- 17 March 2021
- 6:00 – 7:30 pm
- Online Event
Podcasting is an increasingly popular form of communication in the arts, culture and heritage sectors. Research is finding new ears, collections are reaching new audiences and art objects are entering into new relationships with words as they are described verbally for listeners. Art and art history has a new soundscape. This panel will bring together speakers interested in the possibilities of the relationship of art, art history, voice and sound. It will explore how this form of audio communication is prompting different, and often surprising, ways of describing objects and artistic practices, encouraging an intimacy that is often absent from academic research, and creating new points of encounter.
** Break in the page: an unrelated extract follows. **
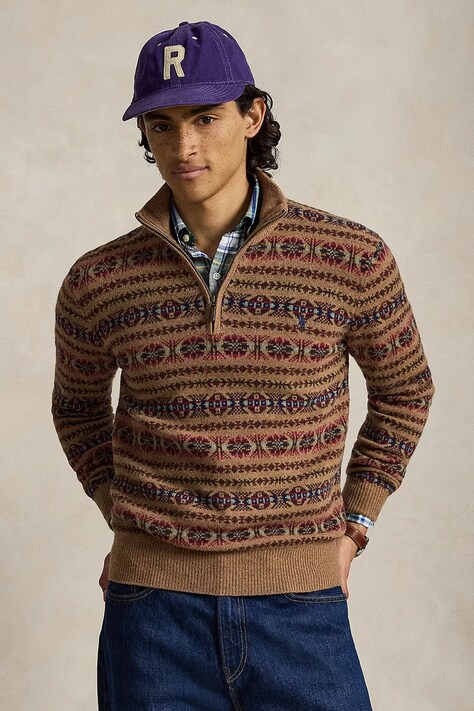 Polo Ralph Lauren Sweter męski wełniany brązowy 710B28589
The discussion will roam across topics, covering ideas such as the visual ear, the art object in sound, listening and looking, virtual travel and the oral/aural textures of description.
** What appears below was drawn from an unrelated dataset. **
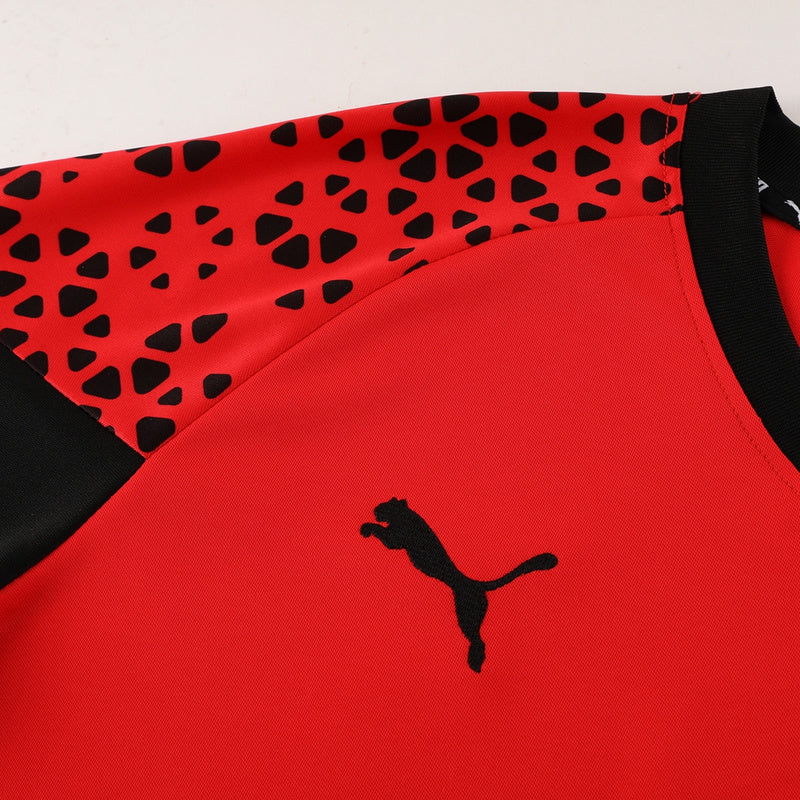 CONJUNTO PUMA FITNESS BERMUDA E CAMISA VERMELHO/PRETO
This event has been organised by Anna Reid (Senior Research Fellow, PMC) and Sarah Victoria Turner (Deputy Director for Research, PMC). They will reflect on their recent experiences of podcasting at the Paul Mellon Centre and their involvement in developing the British Art Talks and Sculpting Lives series. Joining Anna and Sarah is a panel of speakers; some will discuss their own podcasting projects and others will reflect more broadly on the relationship of art, sound and voice
Cathy Courtney, Project Director of National Life Stories: Artists’ Lives, British Library
Jo Baring, Director of the Ingram Collection and co-host of Sculpting Lives
Inigo Wilkins, writer and lecturer (CalArts, New School for Research and Practice)
James Mansell, Associate Professor of Cultural Studies, University of Nottingham and Principal Investigator of the AHRC funded project Sonic Futures: Collecting, Curating and Engaging with Sound at the National Science and Media Museum.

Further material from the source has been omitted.